I’m not an octomom anymore, I’m a chartered bus driver for my kiddo’s, only I don’t get paid. I could say I’m an Uber driver, but I don’t get Internet orders, just text ones. If I’m not picking one up at her Dad’s and bringing her to work, then going back a few hours later to transport her back to her Dad's, fetching her from her tennis matches, then I’m picking another one up from choir practice, or play practice, or bringing one of the three younger ones to either a friend’s house, girl scouts, or cub scouts. Basically, I schlep kids around. The only tips I get is an occasional bowl of ice cream cake fetched for me. When my children were little, it was an endless eternity of butt-wiping, nose cleaning, consoling, arbitrating, dishes, sweeping, vacuuming, all while homeschooling, nursing an infant or toddler and/or while pregnant.

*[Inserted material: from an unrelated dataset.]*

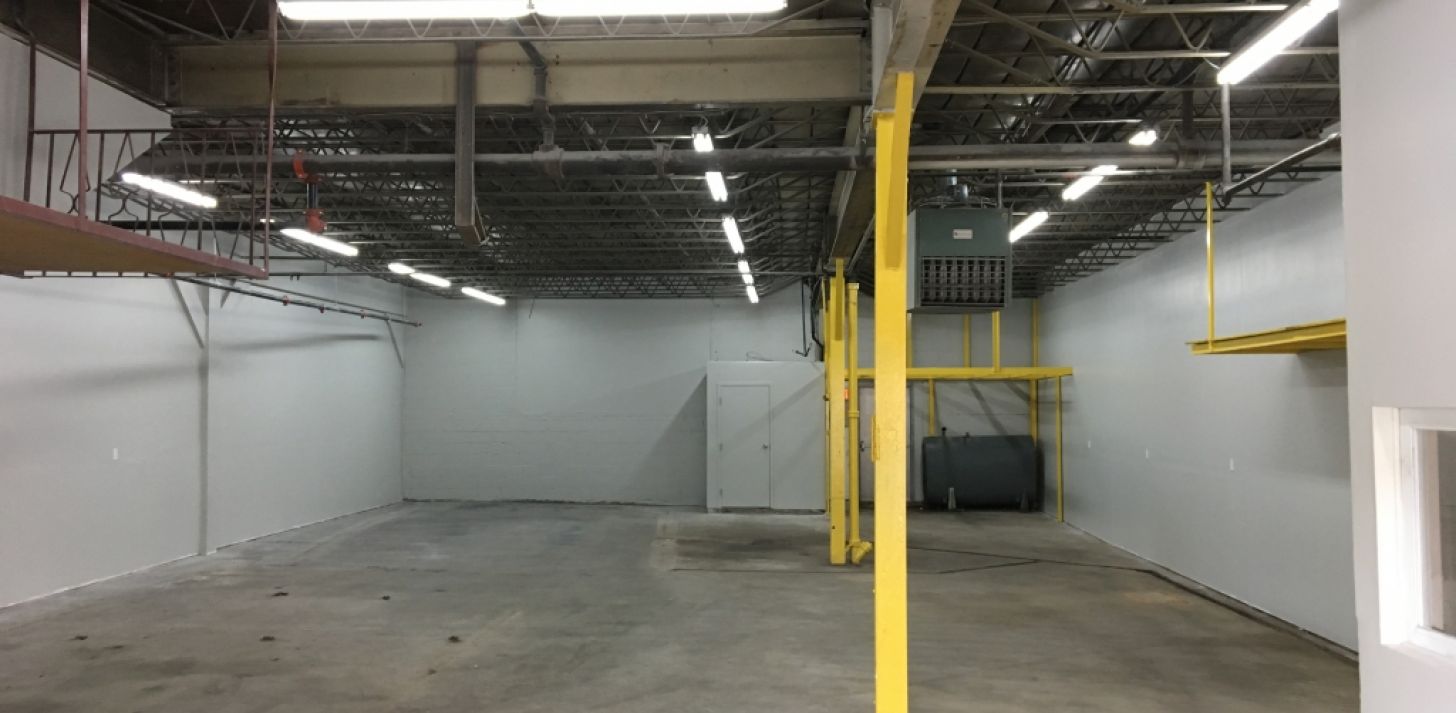 Small Warehouse for rent with garage door - For Rent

The only thing I stayed clear of was, of course, vomit. That was their Dad’s job.
One dreadful evening, after my husband had already abandoned us, my poor number four had the worst of the stomach bugs that plagued the house, imposing itself on all my kiddo’s. My darling daughter was maybe fourteen or so, and now, I was trapped, having to deal with vomit as a single mother. The poor dear was retching so bad, she could barely take a breath in between the projectile spouts of her stomach contents. I didn’t know what to do. I did what any good mother who couldn’t be near vomit would do. There I was, practically crying for her, about seven steps down in the stairwell, yelling up to her whilst in the bathroom, leaning over the porcelain bowl, “Honey, are you okay? Can you breathe? Sweetie, I’d be there holding that beautiful thick head of shimmering chocolate brown hair back for you, but if I did, I’d be vomiting all over it with you!”
The poor dear, in between retches tried to say, “That’s okay, Mom, I know.” My oldest is twenty-nine, the next one is near twenty-five, number three just became legal at twenty-one, number four lives with her dad, so, the only one home are fifteen, twelve, ten, and eight. They are extremely independent now, and can vomit on their own without their mama. They are on clean-up by themselves, also. They close the door when they get sick so I don’t have to hear or smell it, and I just yell from my bedroom, under my covers, “Are you okay?” They assure me they are. Many times, they’ll get up in the middle of the night, do it, and somehow manage to not even wake me. Occasionally, they’ll mention it delicately to me the next morning when they ask if they can stay home from school. They even clean their own mess if they don’t make it to the bathroom, including washing their sheets.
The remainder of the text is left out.